→ Requirement:
Pictures within the data are to be left out; everything else must be reproduced exactly.

→ Collected data:
════════════════════

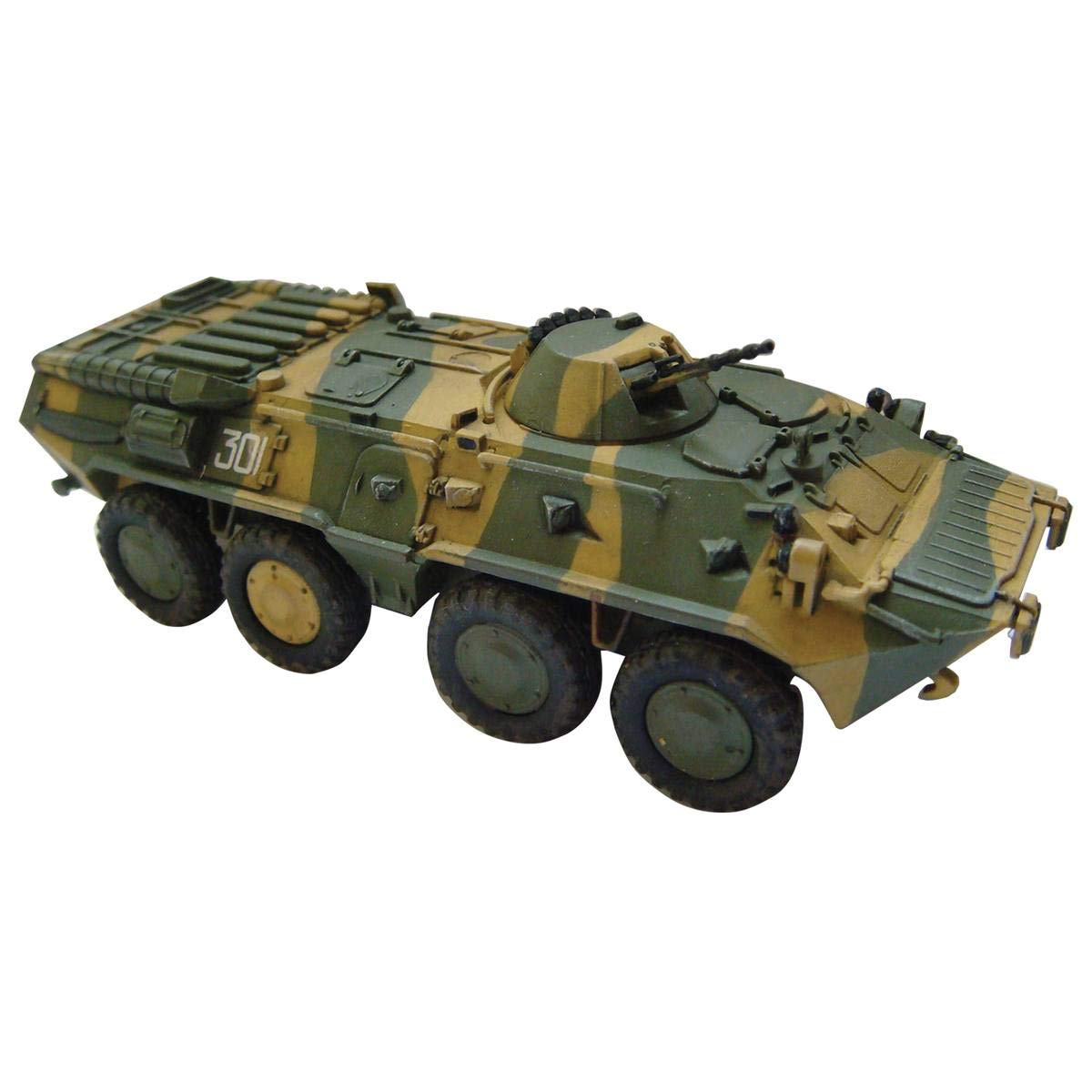 Amazon | ズベズダ 1/35 BTR-80 ロシア兵員 輸送車 プラモデル ZV3558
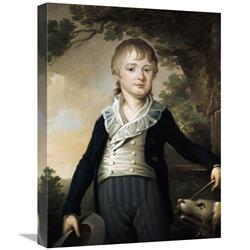 Global Gallery GCS-281258-22-142 22 in. Young Boy Art Print - Unknown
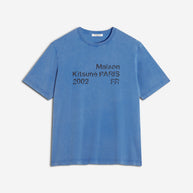 MAISON KITSUNÉ 2002 COMFORT TEE-SHIRT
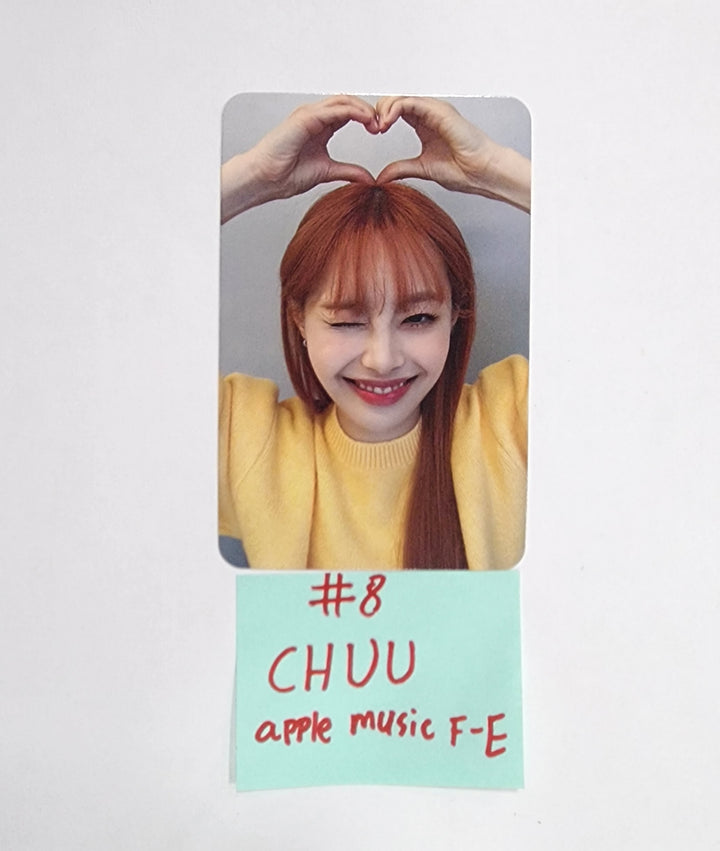 CHUU "Howl" - Apple Music Fansign Event Photocard [23.11.01] - HALLYUSUPERSTORE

════════════════════

→ Result of this exercise:
 Amazon | ズベズダ 1/35 BTR-80 ロシア兵員 輸送車 プラモデル ZV3558
 Global Gallery GCS-281258-22-142 22 in. Young Boy Art Print - Unknown
 MAISON KITSUNÉ 2002 COMFORT TEE-SHIRT
 CHUU "Howl" - Apple Music Fansign Event Photocard [23.11.01] - HALLYUSUPERSTORE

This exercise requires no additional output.